───── Given data

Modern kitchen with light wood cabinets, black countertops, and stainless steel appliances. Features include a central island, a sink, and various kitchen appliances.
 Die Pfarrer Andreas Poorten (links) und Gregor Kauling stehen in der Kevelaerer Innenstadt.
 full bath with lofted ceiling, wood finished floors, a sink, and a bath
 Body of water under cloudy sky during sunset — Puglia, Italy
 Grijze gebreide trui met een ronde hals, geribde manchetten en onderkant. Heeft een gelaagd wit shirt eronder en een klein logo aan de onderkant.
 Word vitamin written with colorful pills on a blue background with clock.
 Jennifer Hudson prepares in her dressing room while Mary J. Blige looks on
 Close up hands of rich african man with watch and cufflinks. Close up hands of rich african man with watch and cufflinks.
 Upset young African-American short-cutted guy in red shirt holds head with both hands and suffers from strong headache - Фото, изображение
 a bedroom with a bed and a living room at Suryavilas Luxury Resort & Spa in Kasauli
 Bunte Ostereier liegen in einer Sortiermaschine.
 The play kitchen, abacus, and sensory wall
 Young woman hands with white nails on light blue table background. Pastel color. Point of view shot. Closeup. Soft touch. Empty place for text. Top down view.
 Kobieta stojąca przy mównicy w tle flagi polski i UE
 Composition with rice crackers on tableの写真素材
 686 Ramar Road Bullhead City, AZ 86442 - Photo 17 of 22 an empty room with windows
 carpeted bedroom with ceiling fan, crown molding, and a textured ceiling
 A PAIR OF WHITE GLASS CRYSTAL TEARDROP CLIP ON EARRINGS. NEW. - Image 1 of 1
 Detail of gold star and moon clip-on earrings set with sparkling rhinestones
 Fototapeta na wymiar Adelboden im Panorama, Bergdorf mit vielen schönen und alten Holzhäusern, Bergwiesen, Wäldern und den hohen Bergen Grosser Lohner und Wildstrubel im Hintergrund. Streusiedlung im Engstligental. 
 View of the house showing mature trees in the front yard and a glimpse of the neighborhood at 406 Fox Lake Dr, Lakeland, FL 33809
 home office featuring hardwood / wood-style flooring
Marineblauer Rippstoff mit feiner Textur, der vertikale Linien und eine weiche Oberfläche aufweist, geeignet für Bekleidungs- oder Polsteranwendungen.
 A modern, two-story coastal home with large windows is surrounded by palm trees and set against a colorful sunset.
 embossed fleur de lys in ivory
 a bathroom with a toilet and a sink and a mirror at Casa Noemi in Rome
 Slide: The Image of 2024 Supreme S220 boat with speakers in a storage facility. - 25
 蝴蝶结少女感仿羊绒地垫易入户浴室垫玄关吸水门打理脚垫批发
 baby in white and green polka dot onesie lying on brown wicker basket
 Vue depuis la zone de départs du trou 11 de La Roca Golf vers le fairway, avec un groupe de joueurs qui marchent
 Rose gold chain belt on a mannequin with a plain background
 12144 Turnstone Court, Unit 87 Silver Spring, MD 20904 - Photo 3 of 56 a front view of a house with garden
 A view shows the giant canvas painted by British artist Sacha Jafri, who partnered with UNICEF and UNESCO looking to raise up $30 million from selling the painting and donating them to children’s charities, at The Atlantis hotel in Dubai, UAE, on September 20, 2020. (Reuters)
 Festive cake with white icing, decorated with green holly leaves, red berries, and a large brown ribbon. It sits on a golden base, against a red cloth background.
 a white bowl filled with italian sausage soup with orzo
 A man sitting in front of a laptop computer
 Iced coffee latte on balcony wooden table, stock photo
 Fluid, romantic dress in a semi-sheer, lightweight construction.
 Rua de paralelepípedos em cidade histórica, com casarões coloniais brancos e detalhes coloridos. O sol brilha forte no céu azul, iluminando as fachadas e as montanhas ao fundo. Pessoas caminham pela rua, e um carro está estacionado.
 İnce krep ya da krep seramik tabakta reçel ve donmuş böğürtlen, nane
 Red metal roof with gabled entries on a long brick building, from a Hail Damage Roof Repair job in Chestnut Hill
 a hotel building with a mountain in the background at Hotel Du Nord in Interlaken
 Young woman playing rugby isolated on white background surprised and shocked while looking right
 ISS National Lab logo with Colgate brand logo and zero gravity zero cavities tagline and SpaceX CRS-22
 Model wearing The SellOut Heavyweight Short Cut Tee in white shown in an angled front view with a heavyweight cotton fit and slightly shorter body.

──────────

What to work on:
All lines in the listing above between the line with "12144 Turnstone Court, Unit" and the line with "A view shows", inclusive, should be set down exactly, and no line outside that range.

Result of this exercise:
 12144 Turnstone Court, Unit 87 Silver Spring, MD 20904 - Photo 3 of 56 a front view of a house with garden
 A view shows the giant canvas painted by British artist Sacha Jafri, who partnered with UNICEF and UNESCO looking to raise up $30 million from selling the painting and donating them to children’s charities, at The Atlantis hotel in Dubai, UAE, on September 20, 2020. (Reuters)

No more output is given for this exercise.